Autre détail troublant : le téléphone de Mohamed S. a borné dans la nuit du 13 au 14 novembre allée Vauban, à Châtillon, au même moment que celui de Salah Abdeslam, un des terroristes en cavale. Il affirme ne pas le connaître. Les enquêteurs n’ont encore tiré aucune conclusion de ces recoupements.

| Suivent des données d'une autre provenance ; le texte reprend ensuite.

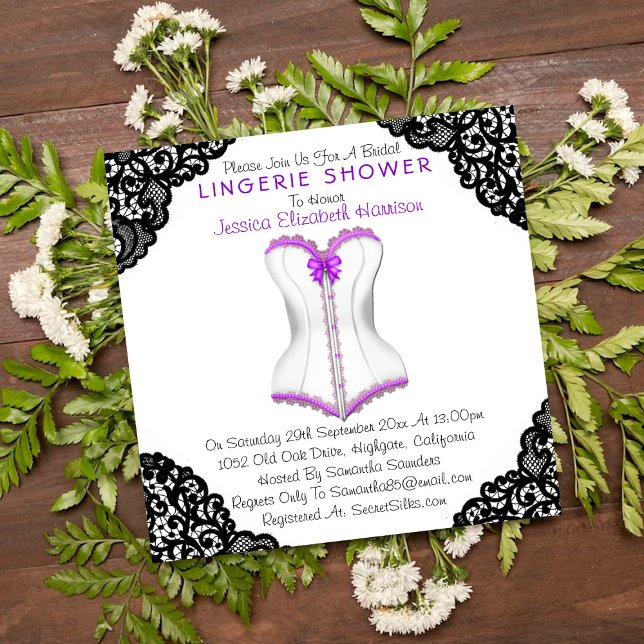 Invitación Corset morado y ducha de lencería de encaje negro (Subido por el creador)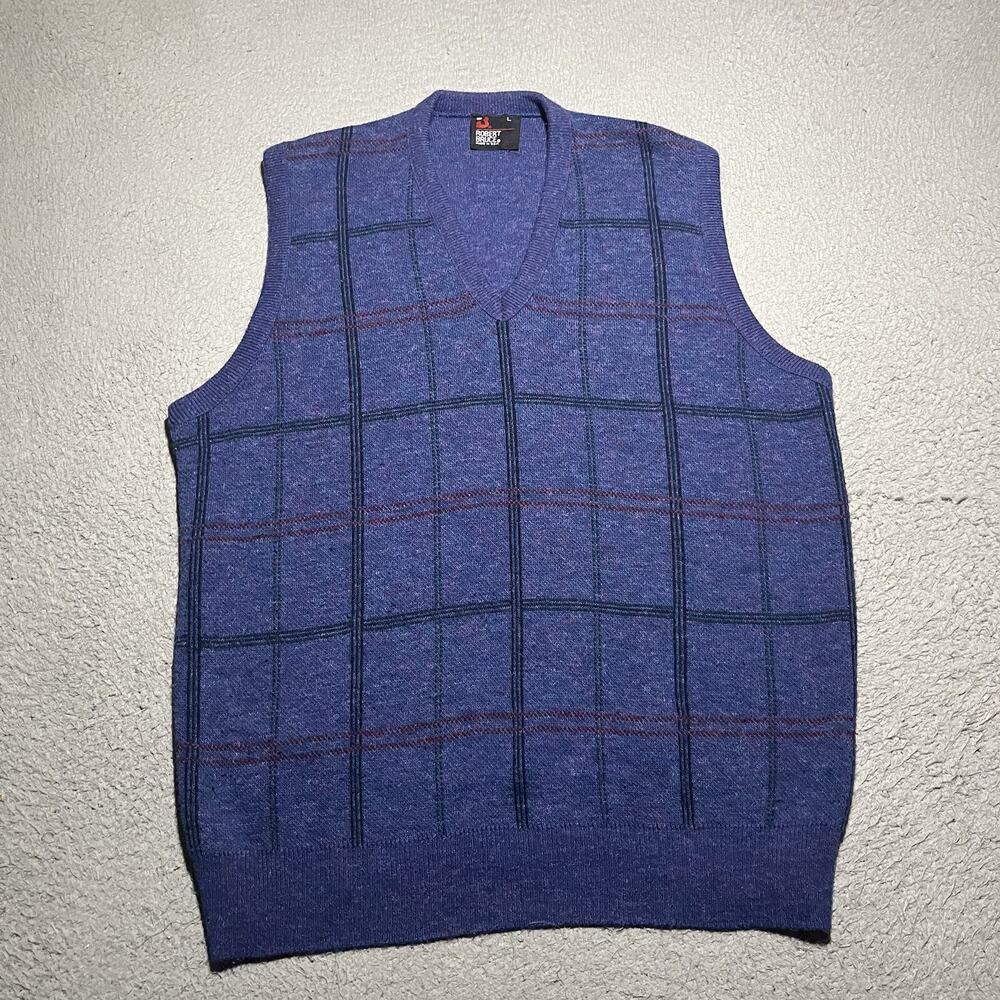 Vtg Robert Bruce Sweater Vest Mens Large Blue Acrylic Made in USA V Neck Union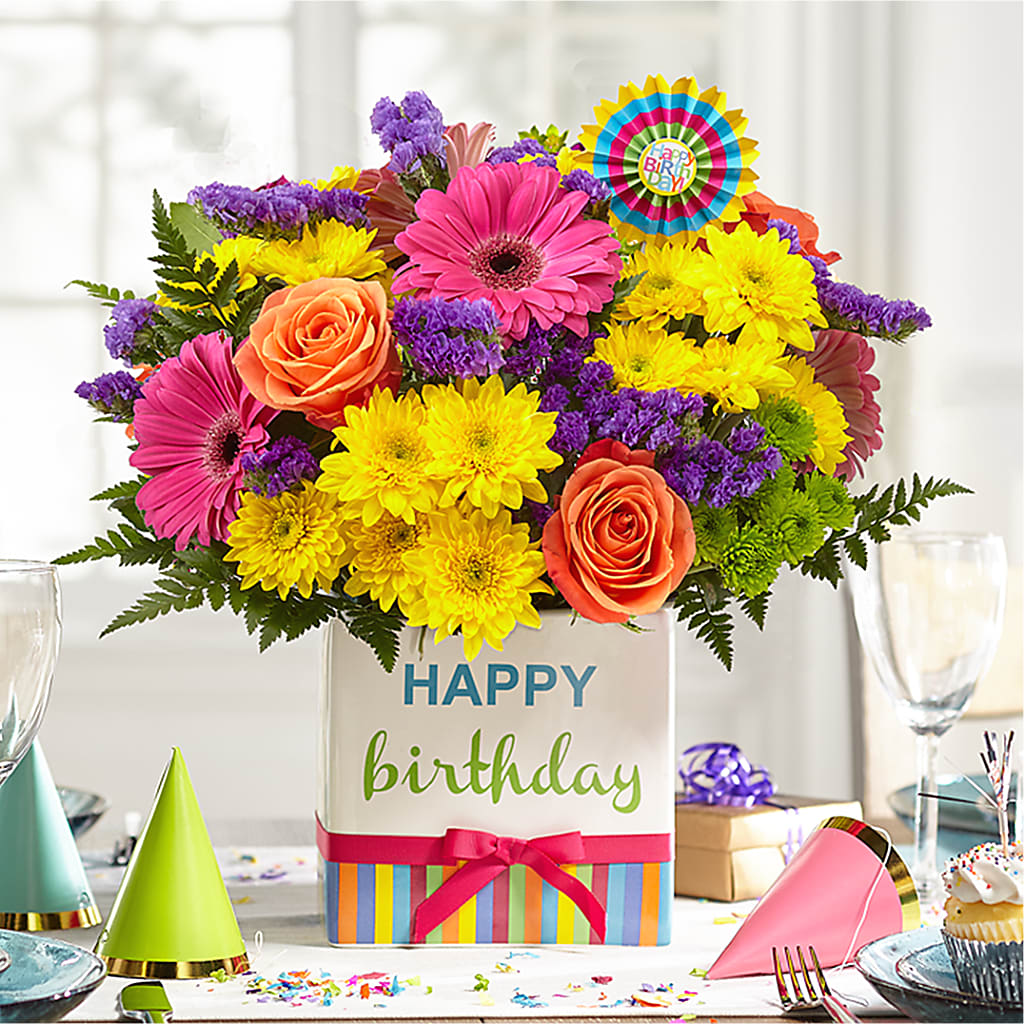 Birthday Brights Bouquet – HARRY'S FLOWERS, Victoria BC
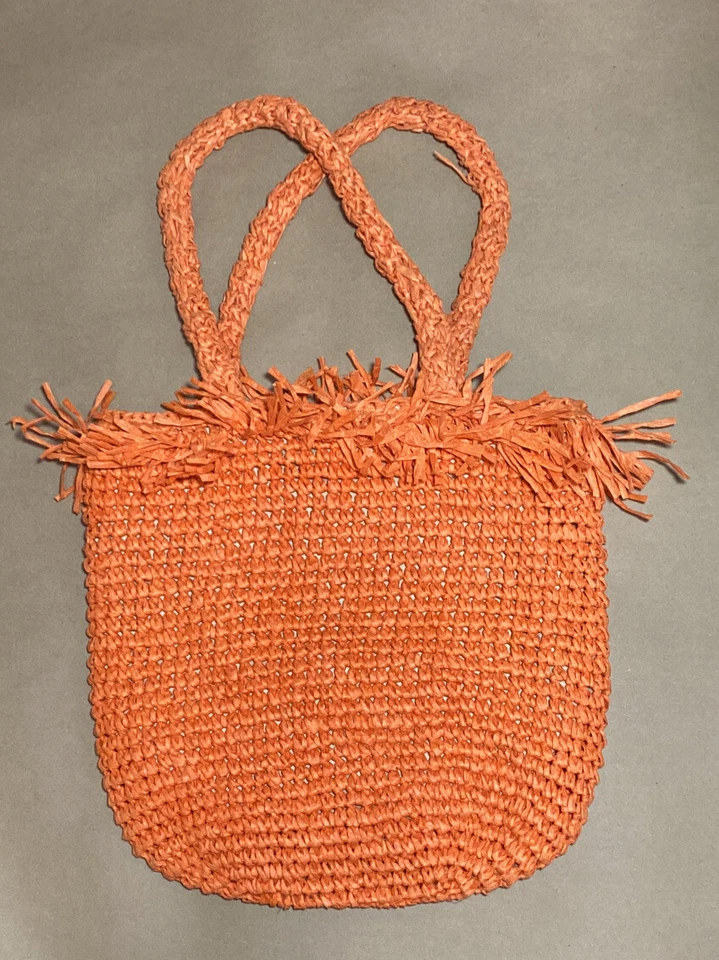 Straw Tote Bag in Orange - Image 2 of 4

Plusieurs échanges de SMS entre Hasna Aït Boulahcen et Mohamed S. conduisent en revanche les juges à suspecter Mohamed S. d’être, des deux hommes, celui qui était le plus susceptible de connaître le pedigree des fugitifs. Le 17 novembre, la cousine d’Abaaoud lui écrit pour le remercier d’avoir trouvé un logement : « Toute la cité m’a appelé. (…) Ils ont vu à la télé, ils m’ont appelé tous (…) Aujourd’hui, ce que tu as fait, la vie de ma mère, tu es un bon. »

Quelques heures plus tard, Hasna Aït Boulahcen évoque avec Mohamed S. le « taxi » qui doit les conduire tous les « trois » – elle, Abaaoud et le terroriste non identifié – jusqu’à l’appartement de la rue du Corbillon. « Je peux pas dormir avec toi, t’es malade. (…) Y m’a dit tu restes avec moi, j’ai pas confiance moi. (…) Tu sais très bien ce qui se passe. » Elle ajoute ensuite avoir regardé « Les Feux de l’amour ». « T’as compris quand je te dis Les Feux de l’amour ? » Mohamed S. affirme n’avoir pas décrypté ce message codé.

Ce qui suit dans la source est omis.